What to work on:
Below are some records. Retype exactly the lines from the one containing "Natural Twin Cotton" through the one containing "Koala Chewing Gum", both included, skipping every picture.

Data listing:

-*-

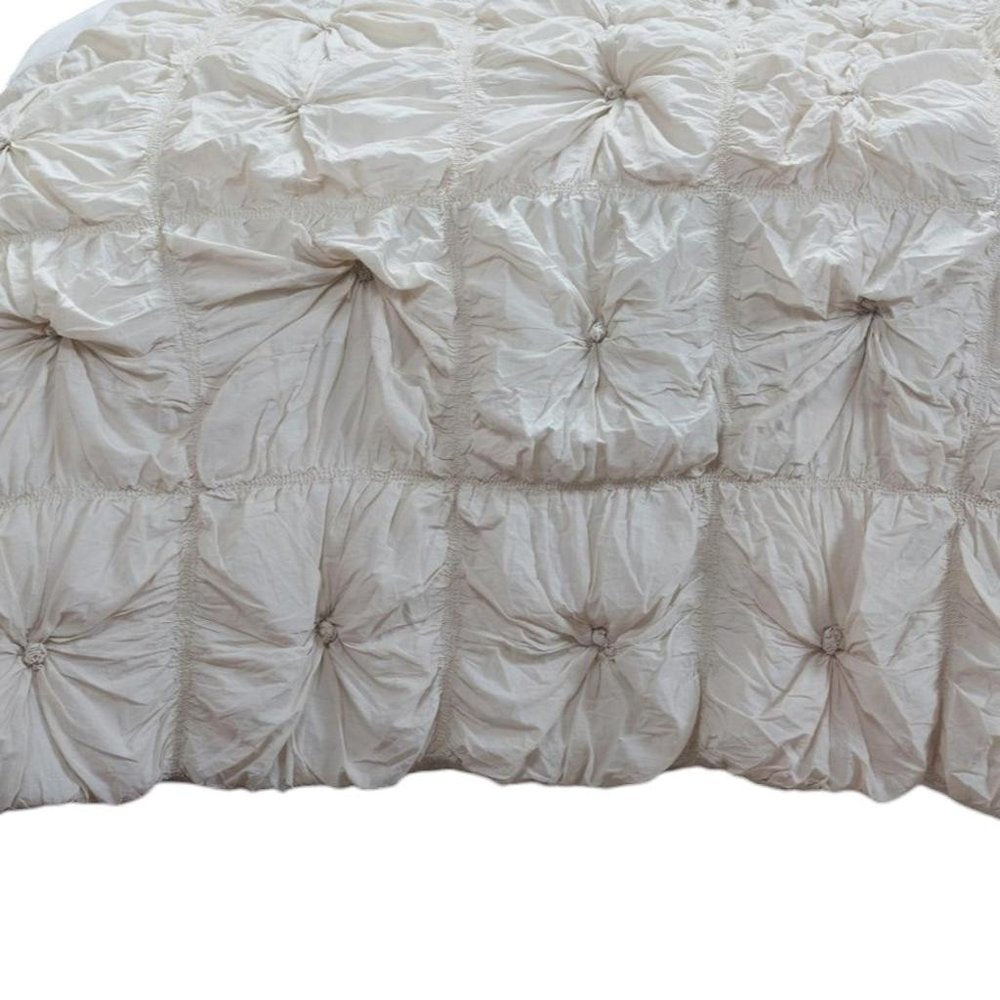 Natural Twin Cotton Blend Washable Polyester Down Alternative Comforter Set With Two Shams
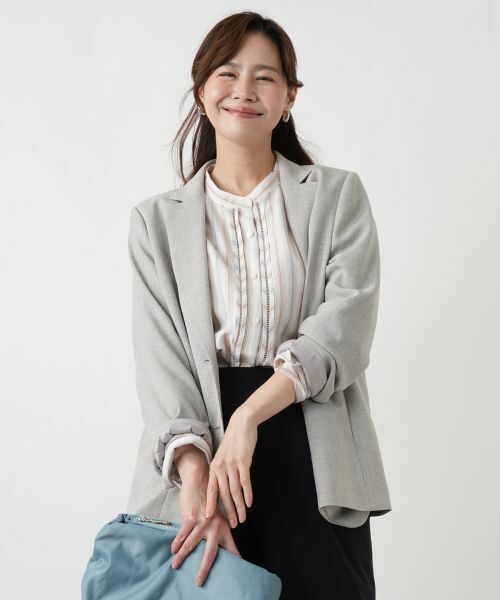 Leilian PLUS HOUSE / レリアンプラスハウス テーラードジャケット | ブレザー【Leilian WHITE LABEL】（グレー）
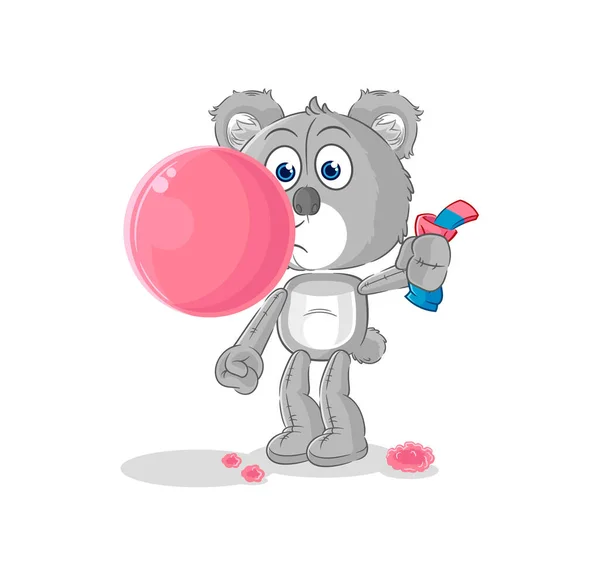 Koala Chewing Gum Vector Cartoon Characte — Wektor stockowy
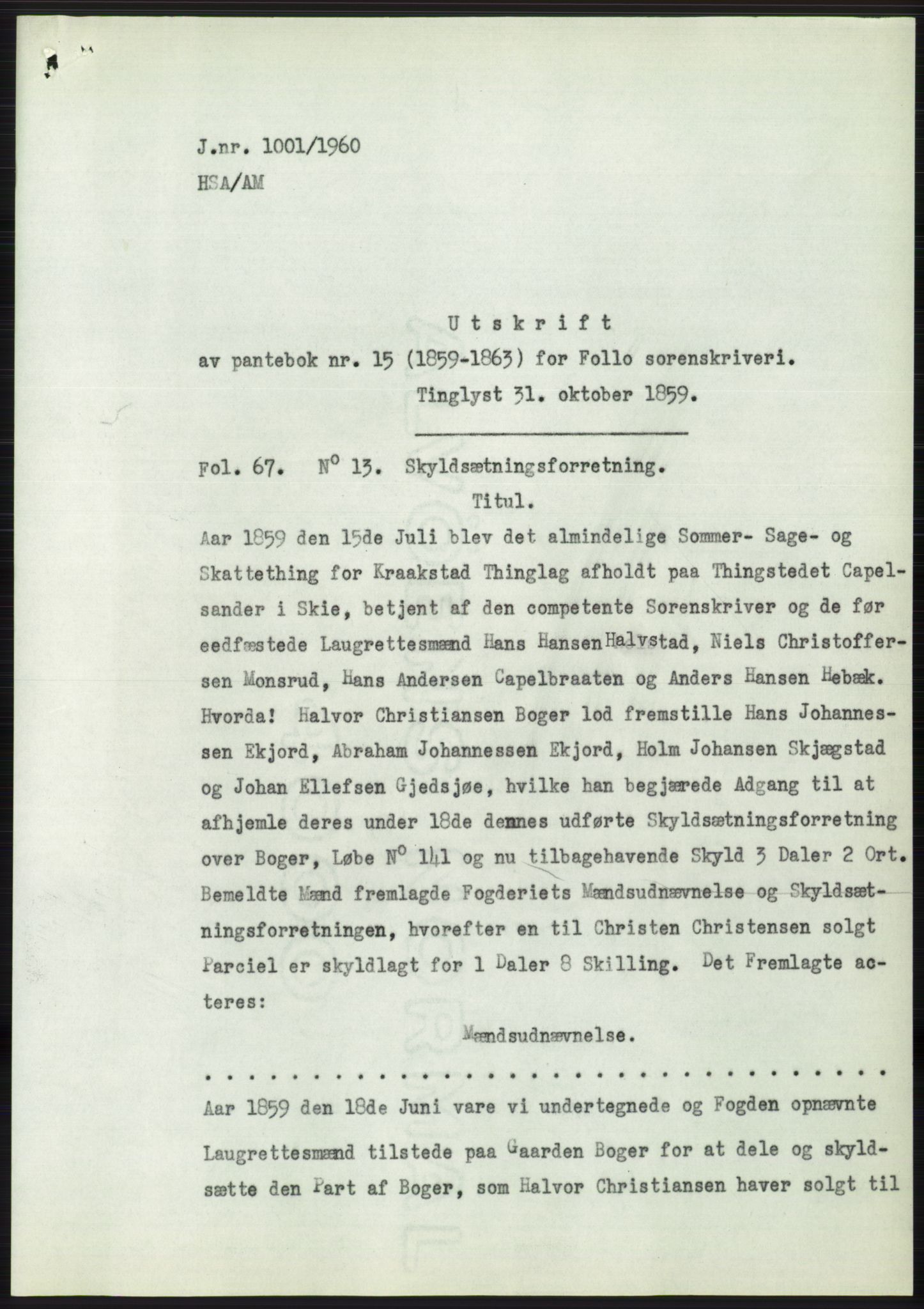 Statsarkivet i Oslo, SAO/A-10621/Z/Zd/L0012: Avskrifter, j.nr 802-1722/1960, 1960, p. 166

-*-

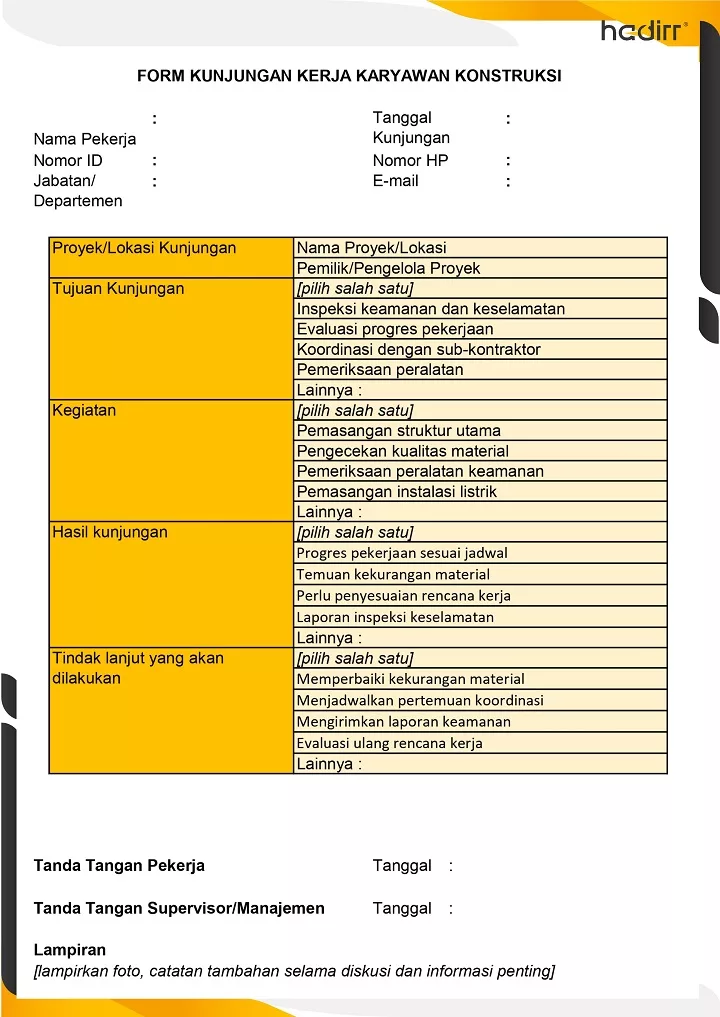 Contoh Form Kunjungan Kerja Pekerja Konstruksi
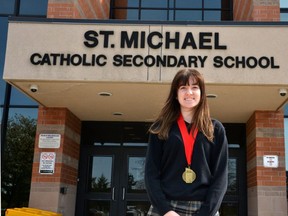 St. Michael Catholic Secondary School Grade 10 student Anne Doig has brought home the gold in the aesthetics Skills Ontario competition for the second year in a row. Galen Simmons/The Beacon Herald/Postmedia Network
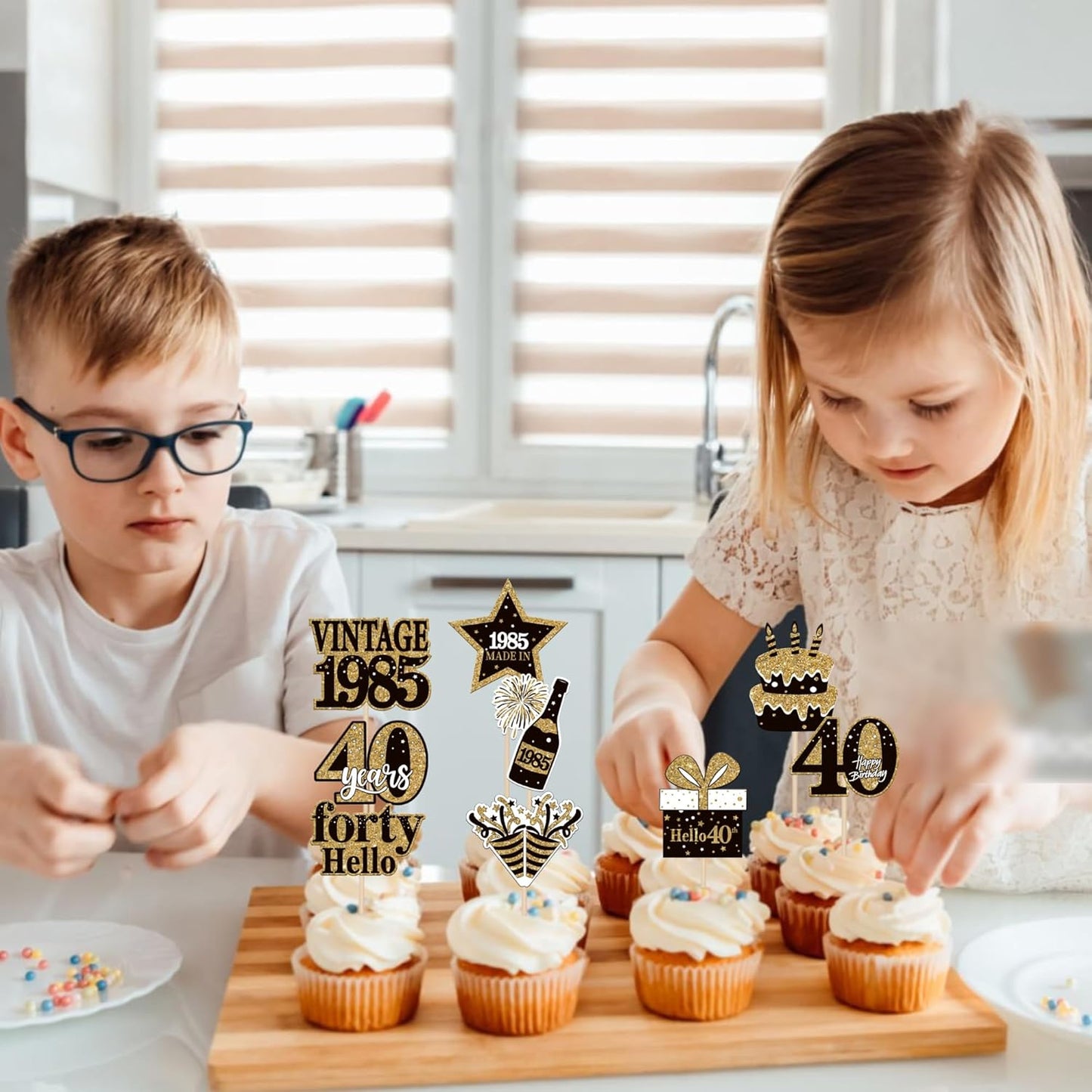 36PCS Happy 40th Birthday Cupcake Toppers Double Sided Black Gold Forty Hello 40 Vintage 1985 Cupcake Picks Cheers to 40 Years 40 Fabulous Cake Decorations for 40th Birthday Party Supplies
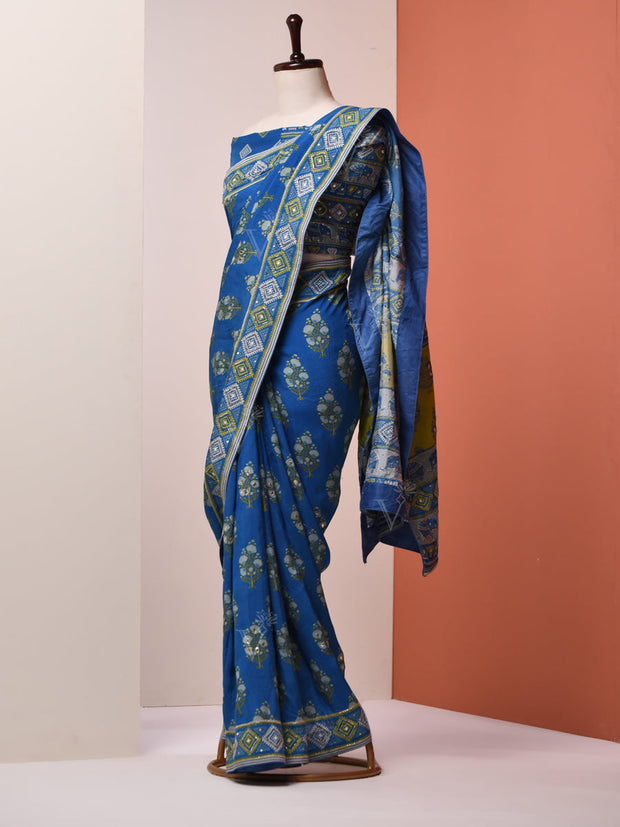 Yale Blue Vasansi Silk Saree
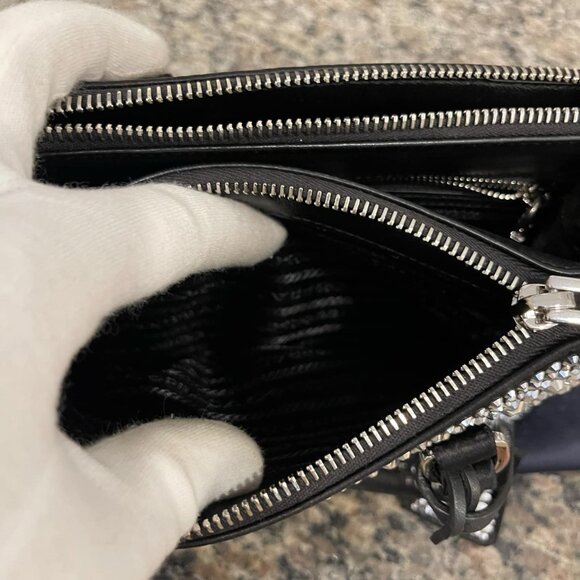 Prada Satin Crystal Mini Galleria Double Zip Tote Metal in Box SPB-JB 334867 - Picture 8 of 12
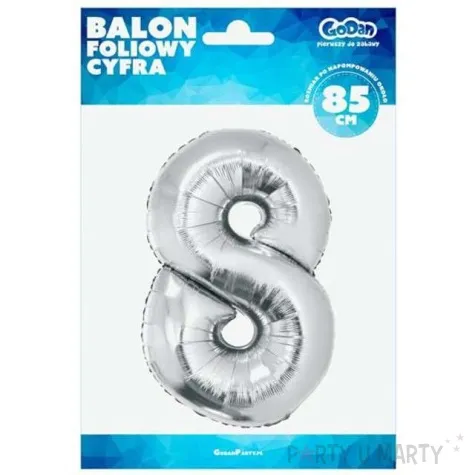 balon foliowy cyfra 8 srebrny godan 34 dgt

-*-

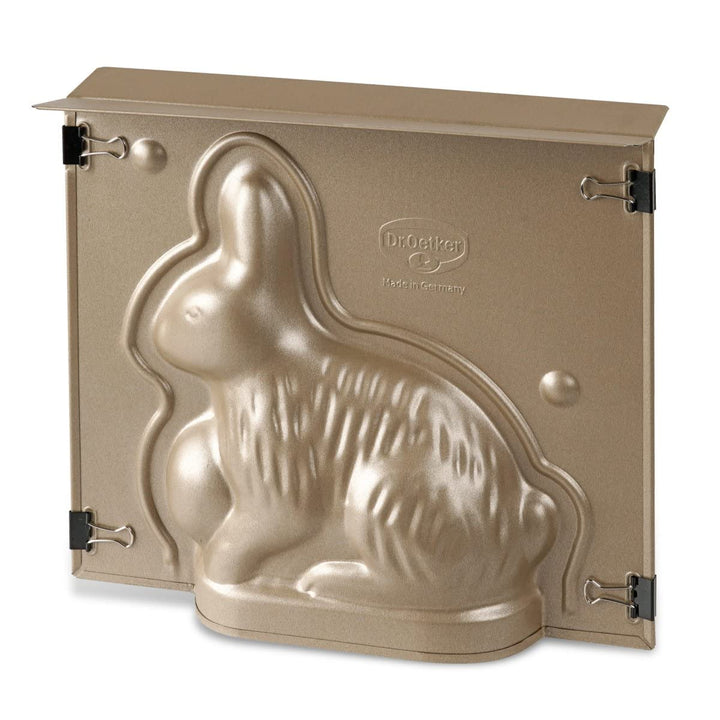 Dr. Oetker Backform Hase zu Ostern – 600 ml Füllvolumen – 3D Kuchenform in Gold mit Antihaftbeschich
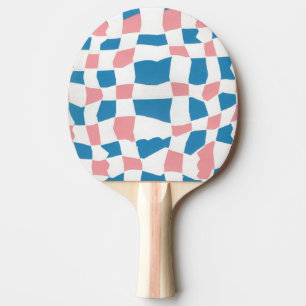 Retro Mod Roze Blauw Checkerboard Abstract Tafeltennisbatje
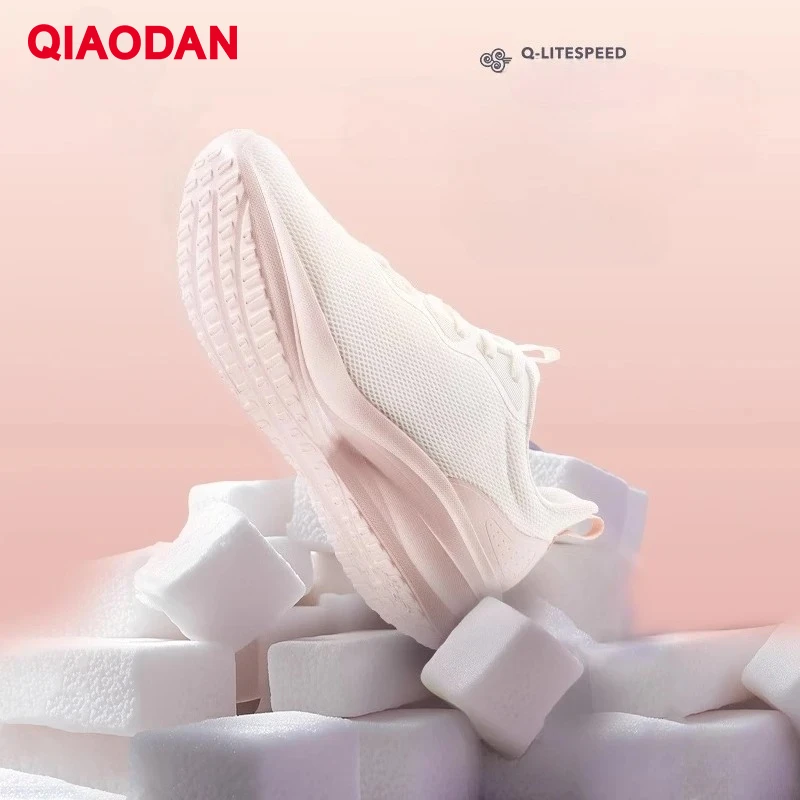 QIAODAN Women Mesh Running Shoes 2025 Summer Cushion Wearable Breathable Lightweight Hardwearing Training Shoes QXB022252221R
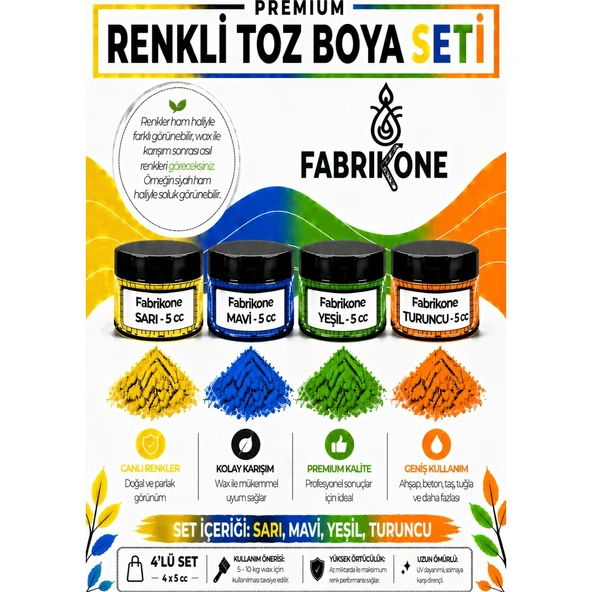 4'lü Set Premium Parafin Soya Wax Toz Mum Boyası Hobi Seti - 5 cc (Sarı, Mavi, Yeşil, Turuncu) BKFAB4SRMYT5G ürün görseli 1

-*-

Problem solution:
 Natural Twin Cotton Blend Washable Polyester Down Alternative Comforter Set With Two Shams
 Leilian PLUS HOUSE / レリアンプラスハウス テーラードジャケット | ブレザー【Leilian WHITE LABEL】（グレー）
 Koala Chewing Gum Vector Cartoon Characte — Wektor stockowy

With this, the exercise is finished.